New research cuts the estimated number of the most distant galaxies by 10 to 100 times.
Over the years, the Hubble Space Telescope has allowed astronomers to look deep into the universe. The long view stirred theories of untold thousands of distant, faint galaxies.
“Our work suggests that there are far fewer faint galaxies than we once previously thought,” says Brian O'Shea, associate professor of physics and astronomy at Michigan State University.
“Earlier estimates placed the number of faint galaxies in the early universe to be hundreds or thousands of times larger than the few bright galaxies that we can actually see with the Hubble Space Telescope. We now think that number could be closer to ten times larger.”

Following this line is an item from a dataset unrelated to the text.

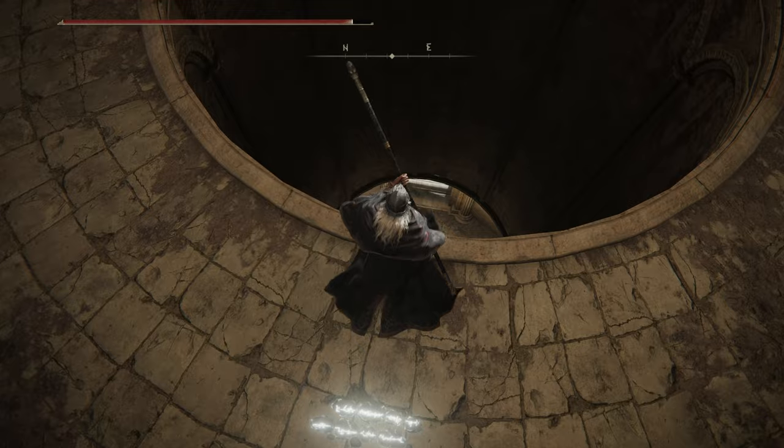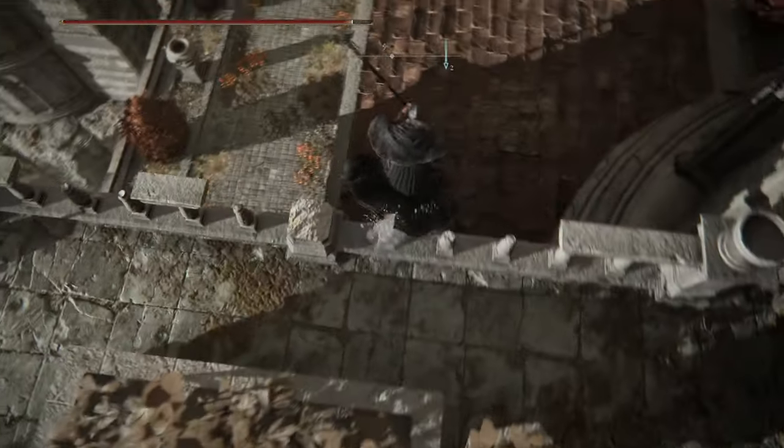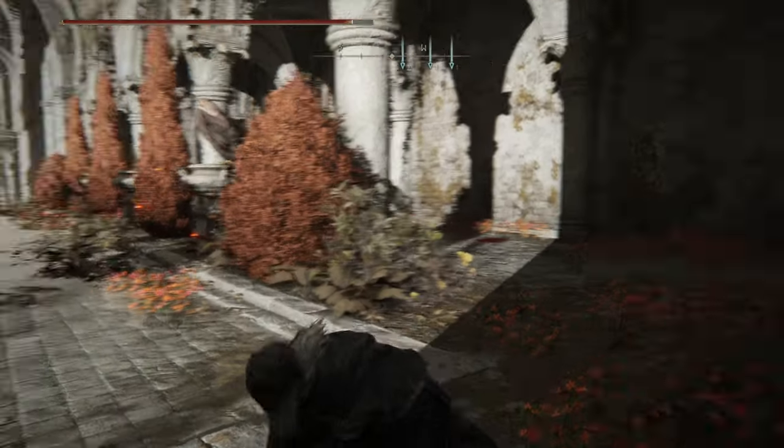We are to get down this elevator shaft, however the platform is at the bottom. But worry not, honored warrior, there is a simple solution to this. Follow me.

O'Shea and his team used the National Science Foundation’s Blue Waters supercomputer to run simulations to examine the formation of galaxies in the early universe. The team simulated thousands of galaxies at a time, including the galaxies’ interactions through gravity or radiation.
The simulated galaxies were consistent with observed distant galaxies at the bright end of the distribution—in other words, those that have been discovered and confirmed. The simulations didn’t, however, reveal an exponentially growing number of faint galaxies, as has been previously predicted. The number of those at the lower end of the brightness distribution was flat rather than increasing sharply, O'Shea adds.

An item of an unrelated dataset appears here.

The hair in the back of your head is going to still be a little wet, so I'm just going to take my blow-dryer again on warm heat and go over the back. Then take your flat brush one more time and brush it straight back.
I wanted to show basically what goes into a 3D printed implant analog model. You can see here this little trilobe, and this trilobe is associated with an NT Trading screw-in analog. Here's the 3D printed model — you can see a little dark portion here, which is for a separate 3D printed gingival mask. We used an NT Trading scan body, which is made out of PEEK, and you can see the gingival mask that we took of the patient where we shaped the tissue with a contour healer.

These simulations will be tested further when the much-anticipated James Webb Space Telescope comes online in late 2018. The improved technology will afford astronomers even more-detailed views of space than the amazing images that the Hubble has produced in recent years.
The Hubble Space Telescope can see the tip of the iceberg of the most-distant galaxies, says Michael Norman, coauthor of the paper and director of the San Diego Supercomputer Center at the University of California, San Diego.
While the James Webb telescope will improve views of distant galaxies, the telescope has a relatively small field of view. As a result, the observations must take into account cosmic variance—the statistical variation in the number of galaxies from place to place.
That’s what makes these simulations pertinent even as improved technology becomes available, O'Shea says.
“A deeper understanding based on theory may be necessary to correctly interpret what’s being seen, such as high redshift survey results,” he says.
In addition to O'Shea and Norman, the research team also includes John Wise, an assistant professor at the Georgia Institute of Technology, and Hao Xu, a postdoctoral research associate at the University of California, San Diego.
Their work, funded by the National Science Foundation and NASA, appears in the Astrophysical Journal Letters.